Information shown: Begin
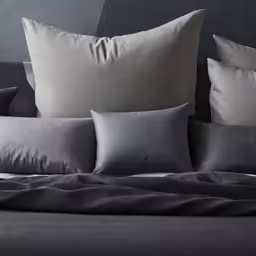 four pillows sitting on top of a bed next to each other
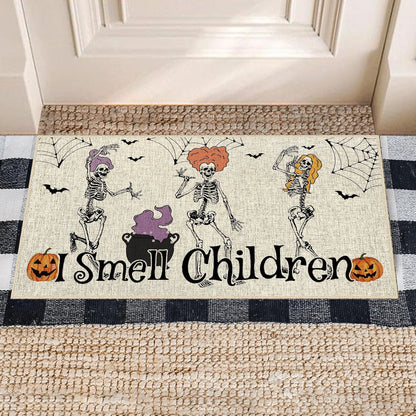 A rectangular Halloween doormat with a burlap-textured cream background, featuring three dancing skeletons, black spiderwebs, bats, a cauldron, and the phrase “I Smell Children” in black script. The mat is shown on a porch step over a woven rug and a black-and-white checkered floor mat.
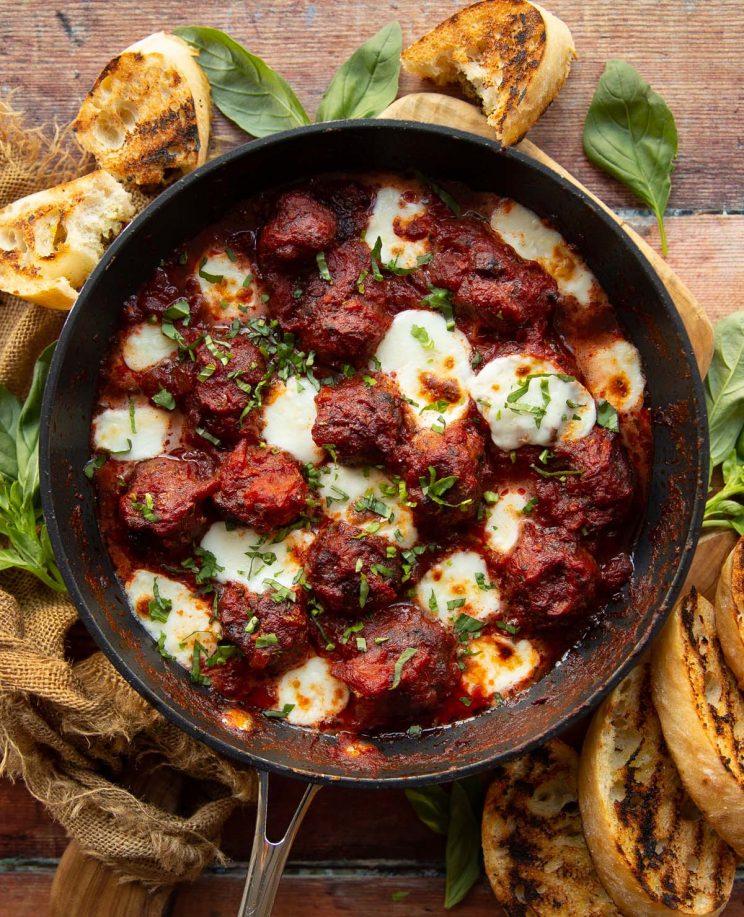 overhead shot of meatballs in skillet surrounded by fresh basil and garlic bread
Information shown: End
_Task to carry out_:
Each line above must be set down exactly, though no picture should be carried over.

_Exercise answer_:
 four pillows sitting on top of a bed next to each other
 A rectangular Halloween doormat with a burlap-textured cream background, featuring three dancing skeletons, black spiderwebs, bats, a cauldron, and the phrase “I Smell Children” in black script. The mat is shown on a porch step over a woven rug and a black-and-white checkered floor mat.
 overhead shot of meatballs in skillet surrounded by fresh basil and garlic bread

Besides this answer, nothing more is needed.